More than a quarter of the stories were revealed to have very ancient roots —“Jack and the Beanstalk” was traced back to the split between Western and Eastern Indo-European languages more than five thousand years ago, and a tale called 'The Blacksmith and the Devil' appears to be more than six thousand years old. The team also found that the first versions of “Rumpelstiltskin” (then called “The Name of the Supernatural Helper”) and "Beauty and the Beast" first appeared with the emergence of the modern subfamilies of the Indo-European language, suggesting that these tales originated between three and four thousand years ago respectively. Tehrani says: "We find it quite remarkable that these stories have survived without being written down.” They have been told since before English, French or Portuguese even existed. They were probably told in an extinct Indo-European language. Sara Graça da Silva believes that the stories endure thanks to the “power of storytelling and magic since time immemorial.”

As researcher Claude Lecouteux also states, the central core of legends and traditional tales comes from a deeper spirit and essence than all the superficial fantasies attributed to them today. The ancient rituals and initiation ceremonies, including metamorphosis into animals, so present in traditional tales, are the expression of the deep human need to experience dangerous situations by facing exceptional experiences and opening the way to other dimensions and sacred realities.

It's possible to experience all this at the imagination level by listening to "fairy tales" or by dreaming and becoming the story's protagonist. These magical and mysterious experiences are similar to those of shamanic rituals traceable back to prehistoric times and preserved in ancient orality. Fairy tales as myths respond to archetypal truths, and the study of mythical geography, legends, myths and beliefs linked to places, reveals the importance of the local landscape in shaping tales and rituals.

I venture to underline the powerful web that contextualises us to places, serving as an anchor of old memories, that whispers to us in dreams and wakes up the memory of bones, from which all these living tales are recreated at every moment.

Wild Places and Guardian Spirits

Entering mythical geography, interweaving cosmic-chthonic cartography, whether in legends, myths or beliefs associated with places and landscapes, reveals the importance of the local landscape in the origin of tales, cosmologies and rituals. Here gods, goddesses and the various entities have been linked to particular and specific places since time immemorial.

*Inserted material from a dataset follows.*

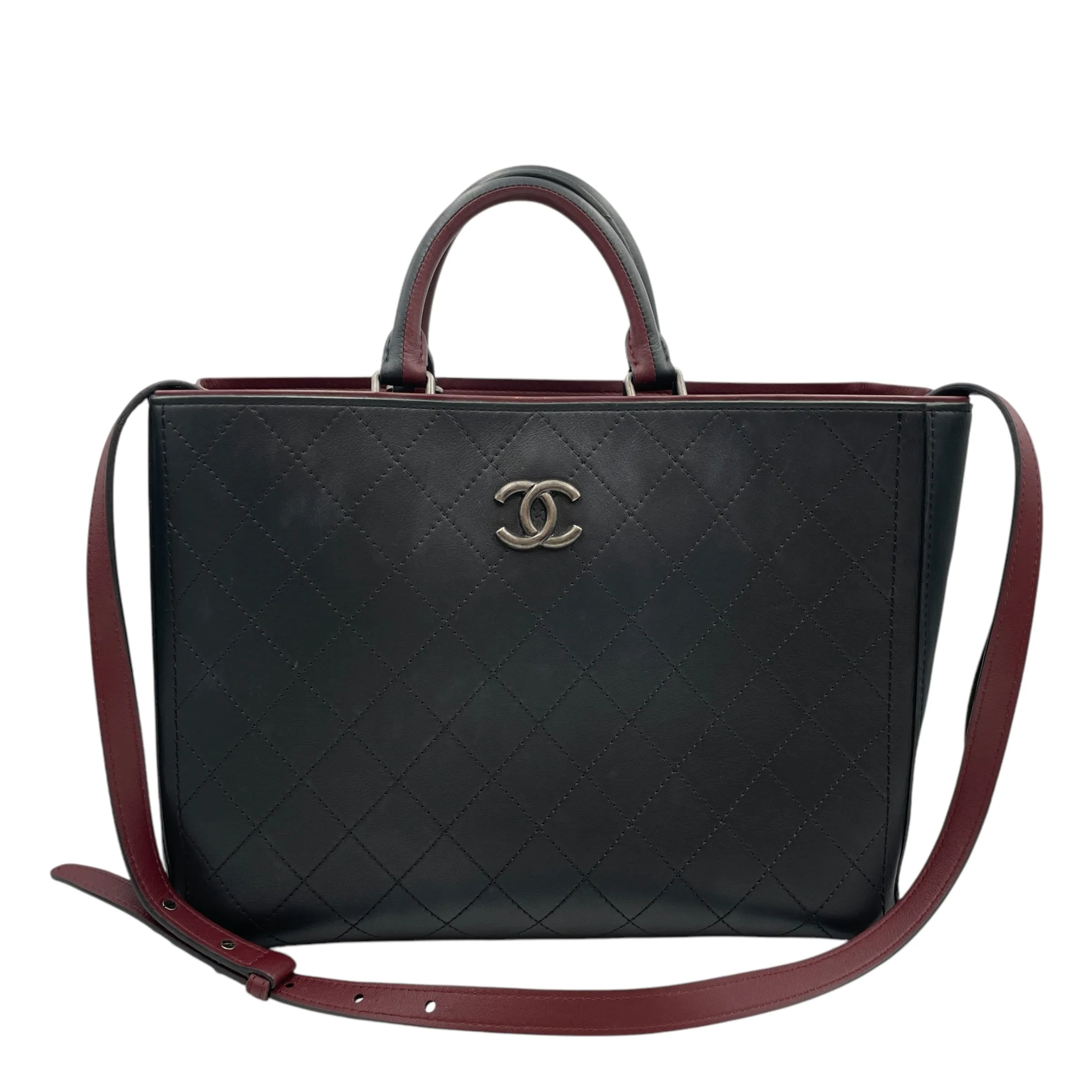 Large Black Tote Bag in Calfskin, Ruthenium hardware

Primitive animism, which (not only) anthropomorphises natural forces, is a form of perception that allows engagement and dialogue with extremely archaic creatures, animals, and even the "inanimate" forms of stones and rivers, for the sacred continually escapes from forms that define it. Despite this natural fluidity of form, these spirits are often imagined as humans (there are several kinds of humans, so this is not an anthropomorphic-centered consciousness) so that not only feelings but also personalities are attributed to them.